Неудачный опыт сотрудничества в «Московском вестнике» обнаружил, что между Пушкиным и молодым поколением литераторов стали возникать трудности и взаимное непонимание. Одновременно выяснилось, что читательские требования к журналу не совпадали с представлениями издателей. «Московский телеграф» Полевого имел несравнимо худшую литературную часть и не мог похвастаться громкими именами сотрудников. Однако у него был боевой отдел критики, обеспеченный статьями Вяземского и самого Полевого, и это принесло ему победу над «Московским вестником». Планы Пушкина оказать организующее воздействие на развитие современной ему литературы во второй половине 1820-х гг. окончились неудачей.
Жизнь, которую вел Пушкин в эти годы, была шумной и беспорядочной. Немногие из встречавшихся с поэтом в это время могли догадаться, что для него это время глубоких и почти трагических размышлений.
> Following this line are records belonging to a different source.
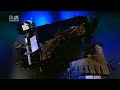 Time Remebered - Chick Corea & Gary Burton 2011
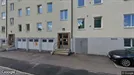 Apartment for rent, Johanneberg, Gothenburg, <span class="blurred street" onclick="ProcessAdRequest(15168266)"><span class="hint">See streetname</span>[xxxxxxxxxxxxx]</span>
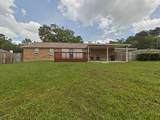 3501 Snowden Drive - Photo 22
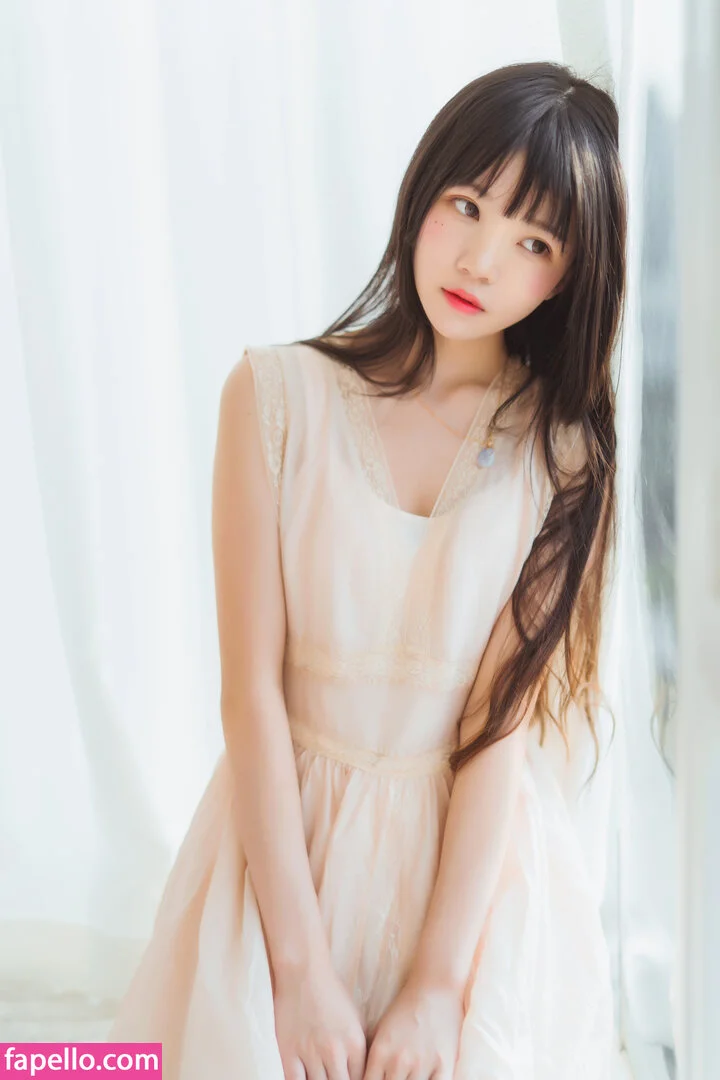 arrias / cherryneko0628 Onlyfans Photo Gallery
Основным вопросом, требовавшим осмысления, были итоги декабристского движения. Первой и непосредственной реакцией явилось чувство эмоциональной солидарности с жертвами правительственного террора. Пушкин не переставал подчеркивать свою озабоченность судьбой декабристов и не боялся многократно напоминать о них царю. 26 декабря 1826 г. на вечере у Зинаиды Александровны Волконской — хозяйки аристократического салона, который был своеобразным культурным очагом в после декабрьской Москве, — Пушкин встретился с отправляющейся в Сибирь за мужем Марией Волконской. Позже она вспоминала: «…во время добровольного изгнания нас, жен сосланных в Сибирь, он был полон самого искреннего восхищения: он хотел передать мне свое «Послание к узникам» («Во глубине сибирских руд…» — Ю. Л.) для вручения им, но я уехала в ту же ночь, и он передал его Александре Муравьевой» [114] .
114
А. С. Пушкин в воспоминаниях современников. Т. 1. С. 215.